Cavagna Andrea, Del Castello Lorenzo, Dey Supravat, Giardina Irene, Melillo Stefania, Parisi Leonardo, Viale Massimiliano
Istituto Sistemi Complessi, Consiglio Nazionale delle Ricerche, UOS Sapienza, 00185 Rome, Italy.
Dipartimento di Fisica, Università Sapienza, 00185 Rome, Italy.
Phys Rev E Stat Nonlin Soft Matter Phys. 2015 Jul;92(1):012705. doi: 10.1103/PhysRevE.92.012705. Epub 2015 Jul 6.
Bird flocks are a paradigmatic example of collective motion. One of the prominent traits of flocking is the presence of long range velocity correlations between individuals, which allow them to influence each other over the large scales, keeping a high level of group coordination. A crucial question is to understand what is the mutual interaction between birds generating such nontrivial correlations. Here we use the maximum entropy (ME) approach to infer from experimental data of natural flocks the effective interactions between individuals. Compared to previous studies, we make a significant step forward as we retrieve the full functional dependence of the interaction on distance, and find that it decays exponentially over a range of a few individuals. The fact that ME gives a short-range interaction even though its experimental input is the long-range correlation function, shows that the method is able to discriminate the relevant information encoded in such correlations and single out a minimal number of effective parameters. Finally, we show how the method can be used to capture the degree of anisotropy of mutual interactions.
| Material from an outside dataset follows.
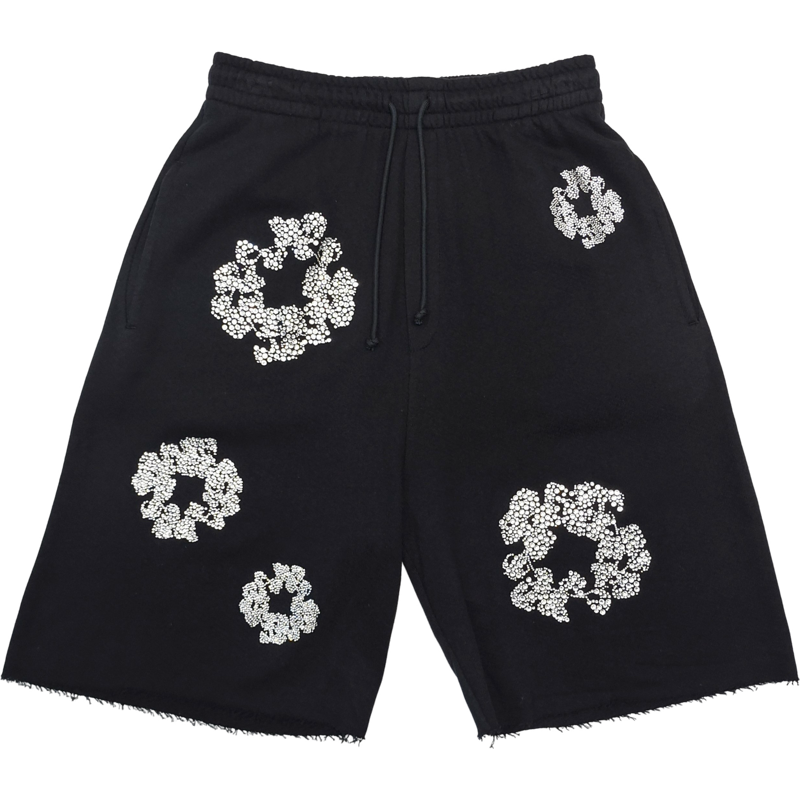 Short Denim.Trs black brillant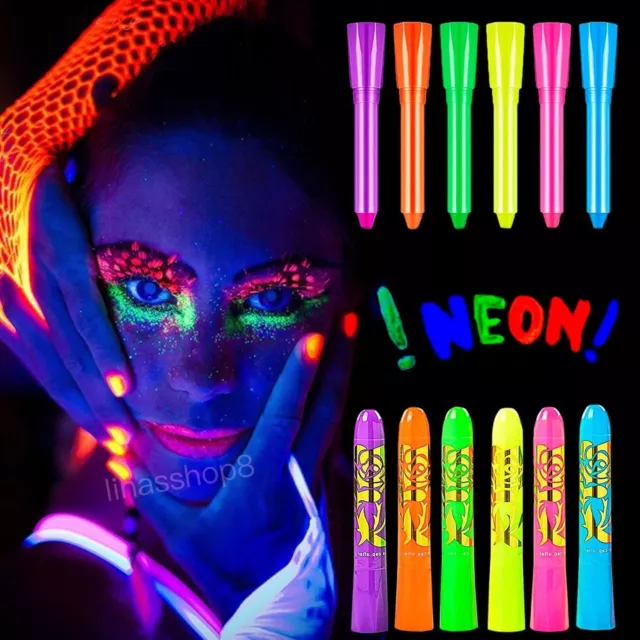 Midnight Glo UV Body Paint Fluorescent paint Blacklight Reactive Neon Face Paint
鸟群是集体运动的一个典型例子。集群的一个突出特征是个体之间存在长程速度关联,这使它们能够在大尺度上相互影响,保持高度的群体协调性。一个关键问题是要理解产生这种非平凡关联的鸟类之间的相互作用是什么。在这里,我们使用最大熵(ME)方法从自然鸟群的实验数据中推断个体之间的有效相互作用。与之前的研究相比,我们向前迈出了重要一步,因为我们获得了相互作用对距离的完整函数依赖关系,并发现它在几个个体的范围内呈指数衰减。尽管ME的实验输入是长程关联函数,但它给出了短程相互作用,这一事实表明该方法能够区分编码在这种关联中的相关信息,并挑选出最少数量的有效参数。最后,我们展示了该方法如何用于捕捉相互作用的各向异性程度。